The Delta Live Tables runtime cannot detect changes in non-Delta data sources. The table is still updated regularly but with a higher default trigger interval to prevent excessive recomputation from slowing down any incremental processing happening on compute.

By default, refresh operations are performed synchronously. You can also set a refresh operation to occur asynchronously. The behavior associated with each approach is as follows:

  • Synchronous: A synchronous refresh blocks other operations until the refresh operation is complete. This allows you to sequence refresh operations in an orchestration tool, like workflows. To orchestrate materialized views with workflows, use the SQL task type. See Introduction to Databricks Workflows.
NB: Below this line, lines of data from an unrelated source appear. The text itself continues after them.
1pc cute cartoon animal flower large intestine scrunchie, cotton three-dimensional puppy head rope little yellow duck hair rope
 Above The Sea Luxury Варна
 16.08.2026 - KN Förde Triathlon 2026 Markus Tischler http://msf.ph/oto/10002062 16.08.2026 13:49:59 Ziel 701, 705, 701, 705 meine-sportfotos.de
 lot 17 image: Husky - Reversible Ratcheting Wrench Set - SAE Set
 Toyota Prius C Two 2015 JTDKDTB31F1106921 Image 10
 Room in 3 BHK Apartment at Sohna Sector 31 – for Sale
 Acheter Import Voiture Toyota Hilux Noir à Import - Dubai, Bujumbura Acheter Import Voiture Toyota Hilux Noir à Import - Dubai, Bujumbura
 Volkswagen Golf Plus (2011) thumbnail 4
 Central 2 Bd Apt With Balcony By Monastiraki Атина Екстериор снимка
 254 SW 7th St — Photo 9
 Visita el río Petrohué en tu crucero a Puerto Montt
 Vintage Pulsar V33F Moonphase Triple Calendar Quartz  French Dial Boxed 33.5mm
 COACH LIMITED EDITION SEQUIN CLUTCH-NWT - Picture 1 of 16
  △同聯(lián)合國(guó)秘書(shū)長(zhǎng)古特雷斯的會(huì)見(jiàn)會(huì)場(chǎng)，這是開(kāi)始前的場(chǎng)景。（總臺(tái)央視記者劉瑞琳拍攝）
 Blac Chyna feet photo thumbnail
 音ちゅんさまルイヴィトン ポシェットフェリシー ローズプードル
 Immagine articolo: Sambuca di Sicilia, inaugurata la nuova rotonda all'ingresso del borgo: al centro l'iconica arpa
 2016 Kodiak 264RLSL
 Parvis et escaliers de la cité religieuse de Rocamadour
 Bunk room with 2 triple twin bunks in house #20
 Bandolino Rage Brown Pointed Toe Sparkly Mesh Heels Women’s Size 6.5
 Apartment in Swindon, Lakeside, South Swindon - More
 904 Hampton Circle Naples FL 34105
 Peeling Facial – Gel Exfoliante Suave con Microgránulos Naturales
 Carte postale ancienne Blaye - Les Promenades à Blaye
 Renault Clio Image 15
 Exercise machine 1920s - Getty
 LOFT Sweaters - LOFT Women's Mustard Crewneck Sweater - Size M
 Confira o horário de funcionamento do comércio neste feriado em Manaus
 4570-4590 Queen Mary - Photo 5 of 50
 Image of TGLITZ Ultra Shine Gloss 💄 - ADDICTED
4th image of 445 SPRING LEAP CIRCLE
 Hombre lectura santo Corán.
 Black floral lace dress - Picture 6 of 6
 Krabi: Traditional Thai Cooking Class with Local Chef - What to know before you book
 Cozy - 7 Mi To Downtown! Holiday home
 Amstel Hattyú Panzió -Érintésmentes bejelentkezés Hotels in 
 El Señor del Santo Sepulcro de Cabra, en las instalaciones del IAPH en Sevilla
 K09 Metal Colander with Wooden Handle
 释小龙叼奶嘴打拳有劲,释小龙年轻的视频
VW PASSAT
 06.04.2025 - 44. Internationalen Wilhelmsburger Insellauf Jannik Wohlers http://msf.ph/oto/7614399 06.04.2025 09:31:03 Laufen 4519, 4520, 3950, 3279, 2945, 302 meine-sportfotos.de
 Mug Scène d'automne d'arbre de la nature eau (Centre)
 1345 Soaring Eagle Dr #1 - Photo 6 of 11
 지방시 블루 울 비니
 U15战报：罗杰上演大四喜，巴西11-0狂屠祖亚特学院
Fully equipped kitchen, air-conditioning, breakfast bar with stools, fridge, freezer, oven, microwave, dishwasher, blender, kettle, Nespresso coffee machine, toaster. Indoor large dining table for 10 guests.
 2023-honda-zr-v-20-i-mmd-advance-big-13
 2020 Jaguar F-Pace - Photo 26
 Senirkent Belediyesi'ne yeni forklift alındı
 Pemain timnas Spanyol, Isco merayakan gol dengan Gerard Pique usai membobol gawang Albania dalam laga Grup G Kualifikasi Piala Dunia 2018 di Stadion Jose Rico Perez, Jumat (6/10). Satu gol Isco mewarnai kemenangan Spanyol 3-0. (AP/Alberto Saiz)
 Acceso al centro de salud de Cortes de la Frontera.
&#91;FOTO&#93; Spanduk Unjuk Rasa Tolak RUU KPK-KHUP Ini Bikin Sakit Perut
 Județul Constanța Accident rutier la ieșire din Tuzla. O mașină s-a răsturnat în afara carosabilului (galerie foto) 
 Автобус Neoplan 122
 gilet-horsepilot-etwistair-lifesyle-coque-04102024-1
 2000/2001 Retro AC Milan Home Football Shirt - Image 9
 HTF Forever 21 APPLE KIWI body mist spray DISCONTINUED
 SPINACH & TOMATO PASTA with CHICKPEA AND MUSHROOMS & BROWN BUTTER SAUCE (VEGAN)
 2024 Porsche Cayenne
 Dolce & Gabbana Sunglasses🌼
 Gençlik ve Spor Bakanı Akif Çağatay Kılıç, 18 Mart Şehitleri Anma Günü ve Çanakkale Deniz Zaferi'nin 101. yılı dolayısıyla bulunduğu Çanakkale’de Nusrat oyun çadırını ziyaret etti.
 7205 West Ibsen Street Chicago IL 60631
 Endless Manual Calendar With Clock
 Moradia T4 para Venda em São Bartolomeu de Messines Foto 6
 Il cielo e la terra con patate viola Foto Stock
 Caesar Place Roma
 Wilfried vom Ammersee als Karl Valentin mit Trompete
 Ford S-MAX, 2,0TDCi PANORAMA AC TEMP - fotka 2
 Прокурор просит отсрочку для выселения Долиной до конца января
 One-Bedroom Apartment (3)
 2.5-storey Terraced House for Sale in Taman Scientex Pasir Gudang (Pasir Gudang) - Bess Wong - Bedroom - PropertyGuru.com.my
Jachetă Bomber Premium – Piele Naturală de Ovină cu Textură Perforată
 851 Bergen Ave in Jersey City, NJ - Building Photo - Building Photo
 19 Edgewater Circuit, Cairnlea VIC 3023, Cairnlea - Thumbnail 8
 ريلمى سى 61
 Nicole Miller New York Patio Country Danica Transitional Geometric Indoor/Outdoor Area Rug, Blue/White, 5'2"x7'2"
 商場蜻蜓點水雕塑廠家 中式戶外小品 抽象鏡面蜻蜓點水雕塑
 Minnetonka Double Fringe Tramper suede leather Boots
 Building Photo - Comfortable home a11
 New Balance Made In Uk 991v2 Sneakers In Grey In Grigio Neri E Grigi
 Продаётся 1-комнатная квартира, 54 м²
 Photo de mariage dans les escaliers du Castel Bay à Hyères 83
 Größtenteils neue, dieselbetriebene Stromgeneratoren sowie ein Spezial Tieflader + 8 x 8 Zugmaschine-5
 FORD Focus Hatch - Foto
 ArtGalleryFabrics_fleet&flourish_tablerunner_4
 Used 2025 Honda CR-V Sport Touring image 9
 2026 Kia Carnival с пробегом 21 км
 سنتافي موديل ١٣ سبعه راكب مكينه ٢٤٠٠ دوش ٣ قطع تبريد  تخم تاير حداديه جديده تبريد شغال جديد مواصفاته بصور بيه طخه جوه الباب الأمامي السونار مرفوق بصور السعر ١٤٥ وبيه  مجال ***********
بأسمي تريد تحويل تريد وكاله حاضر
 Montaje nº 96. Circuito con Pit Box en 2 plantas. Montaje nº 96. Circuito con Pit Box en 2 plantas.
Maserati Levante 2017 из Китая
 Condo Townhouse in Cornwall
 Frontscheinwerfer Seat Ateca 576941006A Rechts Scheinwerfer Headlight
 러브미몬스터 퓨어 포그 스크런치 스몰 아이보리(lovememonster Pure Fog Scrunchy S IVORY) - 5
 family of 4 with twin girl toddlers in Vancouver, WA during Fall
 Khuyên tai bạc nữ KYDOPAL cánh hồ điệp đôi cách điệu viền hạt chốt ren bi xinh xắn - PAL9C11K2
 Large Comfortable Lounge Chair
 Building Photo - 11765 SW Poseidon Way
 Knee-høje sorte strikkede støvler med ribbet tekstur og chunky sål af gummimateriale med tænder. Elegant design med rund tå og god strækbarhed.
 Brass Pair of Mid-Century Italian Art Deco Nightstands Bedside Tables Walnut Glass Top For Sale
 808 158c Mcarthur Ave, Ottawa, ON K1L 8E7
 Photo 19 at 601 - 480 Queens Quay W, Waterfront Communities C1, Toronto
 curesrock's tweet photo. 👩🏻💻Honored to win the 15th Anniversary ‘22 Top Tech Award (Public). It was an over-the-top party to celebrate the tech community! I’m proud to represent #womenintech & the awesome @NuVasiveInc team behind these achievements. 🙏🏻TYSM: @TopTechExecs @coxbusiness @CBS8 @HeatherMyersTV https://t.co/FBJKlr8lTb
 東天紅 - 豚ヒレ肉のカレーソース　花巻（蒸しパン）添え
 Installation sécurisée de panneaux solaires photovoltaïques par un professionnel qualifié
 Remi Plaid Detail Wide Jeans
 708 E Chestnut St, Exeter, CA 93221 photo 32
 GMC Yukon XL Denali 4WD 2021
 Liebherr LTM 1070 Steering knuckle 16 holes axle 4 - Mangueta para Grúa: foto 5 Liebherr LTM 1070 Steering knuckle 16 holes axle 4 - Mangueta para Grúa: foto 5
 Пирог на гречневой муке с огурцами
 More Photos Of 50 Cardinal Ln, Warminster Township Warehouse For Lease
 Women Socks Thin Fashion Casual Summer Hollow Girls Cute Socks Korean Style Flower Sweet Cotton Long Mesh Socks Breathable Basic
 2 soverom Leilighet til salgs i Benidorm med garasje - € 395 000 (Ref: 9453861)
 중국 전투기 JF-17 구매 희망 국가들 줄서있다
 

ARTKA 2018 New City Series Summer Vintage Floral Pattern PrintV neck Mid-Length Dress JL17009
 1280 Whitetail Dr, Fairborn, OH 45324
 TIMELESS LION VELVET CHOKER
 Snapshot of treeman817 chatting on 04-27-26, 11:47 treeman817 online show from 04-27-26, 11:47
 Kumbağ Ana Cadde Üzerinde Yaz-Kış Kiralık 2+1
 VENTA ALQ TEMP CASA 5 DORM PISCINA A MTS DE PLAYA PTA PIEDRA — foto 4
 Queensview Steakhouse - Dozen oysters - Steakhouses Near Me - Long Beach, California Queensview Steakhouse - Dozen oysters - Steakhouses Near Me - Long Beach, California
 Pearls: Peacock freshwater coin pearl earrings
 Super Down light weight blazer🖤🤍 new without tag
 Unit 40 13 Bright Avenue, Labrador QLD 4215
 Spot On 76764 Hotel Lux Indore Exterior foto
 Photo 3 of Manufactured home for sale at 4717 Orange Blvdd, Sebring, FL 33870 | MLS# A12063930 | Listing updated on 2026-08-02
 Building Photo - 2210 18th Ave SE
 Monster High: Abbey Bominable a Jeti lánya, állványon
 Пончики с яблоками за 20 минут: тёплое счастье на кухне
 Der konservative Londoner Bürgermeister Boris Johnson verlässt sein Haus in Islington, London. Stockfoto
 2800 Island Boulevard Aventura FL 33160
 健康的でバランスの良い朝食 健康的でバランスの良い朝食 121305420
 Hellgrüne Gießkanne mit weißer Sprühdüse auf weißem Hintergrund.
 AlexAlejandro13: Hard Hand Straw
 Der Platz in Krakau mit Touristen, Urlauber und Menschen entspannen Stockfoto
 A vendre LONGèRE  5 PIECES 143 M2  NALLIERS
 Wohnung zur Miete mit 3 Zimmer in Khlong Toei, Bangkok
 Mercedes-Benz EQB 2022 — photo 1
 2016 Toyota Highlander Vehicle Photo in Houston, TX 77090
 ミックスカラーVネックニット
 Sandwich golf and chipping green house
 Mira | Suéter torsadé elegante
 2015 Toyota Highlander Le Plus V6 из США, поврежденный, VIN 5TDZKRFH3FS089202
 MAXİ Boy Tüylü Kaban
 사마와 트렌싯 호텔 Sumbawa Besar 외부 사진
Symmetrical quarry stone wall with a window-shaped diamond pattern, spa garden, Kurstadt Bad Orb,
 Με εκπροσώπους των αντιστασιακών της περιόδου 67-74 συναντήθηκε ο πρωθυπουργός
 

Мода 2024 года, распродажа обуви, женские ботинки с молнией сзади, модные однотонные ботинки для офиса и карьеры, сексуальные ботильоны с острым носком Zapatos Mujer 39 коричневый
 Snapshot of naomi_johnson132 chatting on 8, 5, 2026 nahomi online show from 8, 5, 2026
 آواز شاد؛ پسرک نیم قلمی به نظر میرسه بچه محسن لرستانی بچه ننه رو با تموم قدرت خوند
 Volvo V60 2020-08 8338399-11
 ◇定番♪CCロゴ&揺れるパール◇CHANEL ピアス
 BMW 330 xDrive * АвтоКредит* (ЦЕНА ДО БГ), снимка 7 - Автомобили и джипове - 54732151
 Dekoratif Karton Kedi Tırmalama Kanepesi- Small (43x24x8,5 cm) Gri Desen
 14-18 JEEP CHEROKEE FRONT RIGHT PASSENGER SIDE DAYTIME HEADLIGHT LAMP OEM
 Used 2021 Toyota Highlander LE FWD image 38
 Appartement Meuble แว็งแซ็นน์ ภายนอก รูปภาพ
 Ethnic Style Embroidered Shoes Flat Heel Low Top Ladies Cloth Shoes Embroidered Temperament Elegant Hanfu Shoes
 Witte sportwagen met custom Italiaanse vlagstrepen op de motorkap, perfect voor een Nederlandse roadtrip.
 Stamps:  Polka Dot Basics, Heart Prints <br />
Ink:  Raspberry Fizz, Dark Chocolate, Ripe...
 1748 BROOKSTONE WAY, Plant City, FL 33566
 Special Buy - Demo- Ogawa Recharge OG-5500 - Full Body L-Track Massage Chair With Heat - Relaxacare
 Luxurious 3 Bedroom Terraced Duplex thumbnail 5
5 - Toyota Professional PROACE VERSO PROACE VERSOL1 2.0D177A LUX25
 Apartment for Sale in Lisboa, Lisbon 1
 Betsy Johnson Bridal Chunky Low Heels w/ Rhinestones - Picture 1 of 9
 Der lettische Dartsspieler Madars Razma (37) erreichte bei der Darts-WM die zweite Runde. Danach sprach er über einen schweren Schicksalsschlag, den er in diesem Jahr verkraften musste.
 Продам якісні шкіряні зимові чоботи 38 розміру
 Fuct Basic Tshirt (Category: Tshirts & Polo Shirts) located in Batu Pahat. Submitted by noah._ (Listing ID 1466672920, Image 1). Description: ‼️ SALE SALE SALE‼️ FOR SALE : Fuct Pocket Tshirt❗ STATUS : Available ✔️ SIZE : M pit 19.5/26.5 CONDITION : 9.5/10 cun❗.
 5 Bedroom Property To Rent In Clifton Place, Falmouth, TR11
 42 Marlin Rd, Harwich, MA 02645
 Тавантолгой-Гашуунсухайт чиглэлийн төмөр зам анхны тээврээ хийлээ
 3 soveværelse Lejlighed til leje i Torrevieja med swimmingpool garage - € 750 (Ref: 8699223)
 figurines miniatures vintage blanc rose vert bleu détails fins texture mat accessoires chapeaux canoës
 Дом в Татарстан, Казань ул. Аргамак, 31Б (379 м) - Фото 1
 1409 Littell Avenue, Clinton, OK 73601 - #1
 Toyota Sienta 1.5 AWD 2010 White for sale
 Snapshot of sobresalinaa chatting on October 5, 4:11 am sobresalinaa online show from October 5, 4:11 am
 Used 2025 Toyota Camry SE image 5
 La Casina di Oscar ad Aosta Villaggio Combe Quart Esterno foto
  • Asynchronous: An asynchronous refresh starts a background job on Delta Live Tables compute when a materialized view refresh begins, and the command returns before the data load is complete. Because a Delta Live Tables pipeline manages the refresh, the Databricks SQL warehouse used to create the materialized view is not used. It does not need to be running during the refresh operation.

Support for materialized view incremental refresh

The following table lists support for incremental refresh by SQL keyword or clause:

SQL keyword or clause

Support for incremental refresh

SELECT expressions

Expressions including deterministic built-in functions and immutable user-defined functions (UDFs) are supported.

WITH

Yes, common table expressions are supported.

FROM

Supported base tables include Delta tables, materialized views, and streaming tables

EXPECTATIONS

No. Materialized views that use expectations are always fully refreshed.

UNION ALL

No

INNER JOIN

No

LEFT JOIN

No

GROUP BY

Yes

WHERE, HAVING

Filter clauses such as WHERE and HAVING are supported.

OVER

No

QUALIFY

No

Note

Non-deterministic functions, for example, CURRENT_TIMESTAMP, are not supported.